1.4. The present Terms and Conditions of Sale, Delivery and Payment shall supersede any purchasing conditions of our customer’s in any case. They also apply to any future business with the customer.
1.5. In case of an increase in costs during the period between the order confirmation and delivery, we shall be entitled to make the respective price adjustments.
1.6. In case that a component of a product ordered is not needed; the price deduction shall not be made according to the component price but according to our price calculation.
1.7. Declarations and announcements of GeoSIG Ltd towards our contract partners come into force with sending these declarations and announcements to the mailing address known to us. This is also valid if the mailing address has been changed and has not been announced immediately.
1.8. To be considered valid, changes and additions to the contract must be agreed and confirmed in writing by persons with representative status who are entered in the company register of our firm. Our other staff are not authorised to arrange changes or additional agreements.
2. Conditions of Payment
2.1. Prices are understood to be from the factory, unpackaged, carriage forward and without VAT.
2.2. As long as nothing else is given in the order confirmation, payments are net cash at receipt of the invoice and without any discount.
2.3. In case of default payment we reserve the right to demand payment of default interest at a rate of 8% above the then current Swiss bank rate, however not less than 1% per month. Only payments made to the payment entity specify in the invoice will be recognised. In case of bank transfers, payment shall be deemed to have been made only when the amount of the invoice has been irrevocably credited to our account.
2.4. Bills of exchange, cheques and payments by money order will be recognised only on account of payment. In this event a discount is not permitted even for special discount arrangements.
2.5. In case of payment by accepted bill or customer’s bill, the discount charges shall be borne by the debtor.
2.6. The date of the invoice shall be relevant for the date of payment in any case, even if goods are received with a delay for reasons not to be attributed to us.
2.7. In the event that payment is not made by the due date or in case of deteriorating financial soundness of the customer or on other important reasons, we shall be entitled at our discretion to repudiate the contract or to demand immediate payment of any and all debts irrespective of the term of payment agreed upon, all this without any claim for fulfilment or damages arising against us.
2.8. The customer can only clear undisputed or valid demands and the right to withhold payment is only based on such demands.
3. Retention of Title
3.1. The goods supplied by us shall remain our property until payment in full has been made for any and all goods supplied.
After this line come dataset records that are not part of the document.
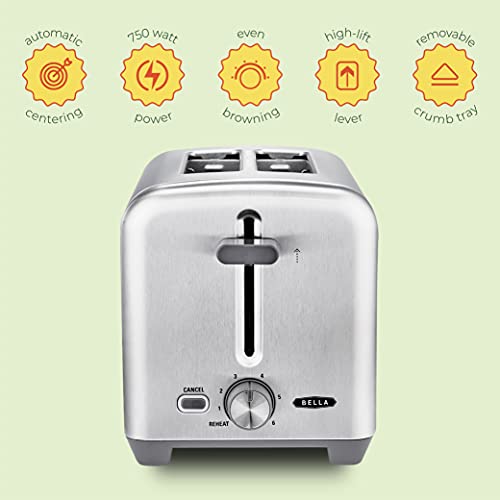 Product Image 6: BELLA 2 Slice Toaster, Quick & Even Results Every Time, Wide Slots Fit Any Size Bread Like Bagels or Texas Toast, Drop-Down Crumb Tray for Easy Clean Up, Stainless Steel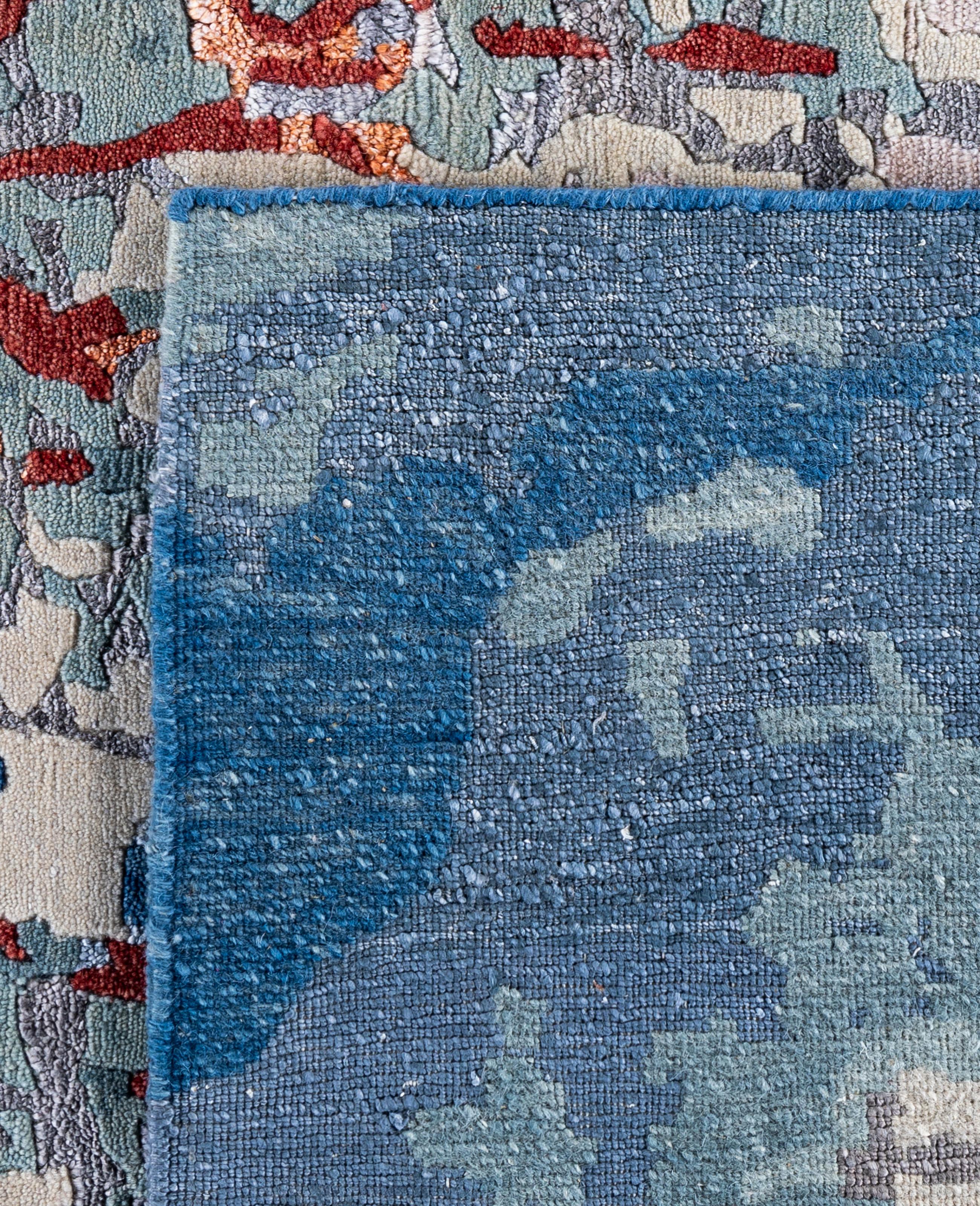 Contemporary Abstract Wool, Silk Hand Knoted Navy Area Rugs 8' 4
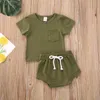 2020 Yaz Toddler Çocuk Bebek Erkek Kız Pamuk Kıyafetler Giyim Seti Yenidoğan T-Shirt Tops + Şort Eşofman Katı Sevimli Giysiler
This shall also apply to the payment of any bills of exchange accepted in payment by us.
3.2. The customer is entitled to re-sell our goods within their area of operations. However, he then relinquishes all demands up to the level of our demands, which are generated by re-sale. In the event of re-sale for cash, the re-sale proceeds from this separate retention by the customer come to us and oblige the customer to enter a valid note in the accounts (anticipated ownership). In the case of manufacturing our retention of title (proportionate) is the end product. The customer must inform their buyer at re-sale about the existing retention of title and all other security laws agreed.
3.3. The buyer must inform us immediately if third parties raise claims against our goods supplied under our retention of title or bring legal actions. Any costs resulting from legal consequences are to be borne by the buyer.
4. Packing and Dispatch
4.1. The goods will be packed to commercial standards at the buyer’s expense. Packing materials will not be taken back. The packing shall be dimensioned assuming customary transport conditions.
4.2. The goods will be dispatched ex-works at the risk of the buyer, even in case of delivery freight prepaid.
4.3. The seller shall be obliged to take out insurance only if and to the extent that this has been agreed upon in writing.
5. Modification of Models
5.1. We reserve the right to make design modifications, to change tolerances and to make improvements.
5.2. In case of special designs manufactured according to customer specification, model or drawing, we reserve the right to supply up to 5 % more or less than the quantity ordered.
6.1. With regard to any defects or damage that can be recognised during proper inspection upon receipt, a complaint shall be filed immediately after receipt of goods.
6.2. In addition, in case of deviations in the number of units supplied or in weight, a complaint shall be filed with the forwarding agent (carrier) upon receipt of the goods, and a certification to support any such difference shall be obtained. Any defective units shall be returned to us without delay freight prepaid.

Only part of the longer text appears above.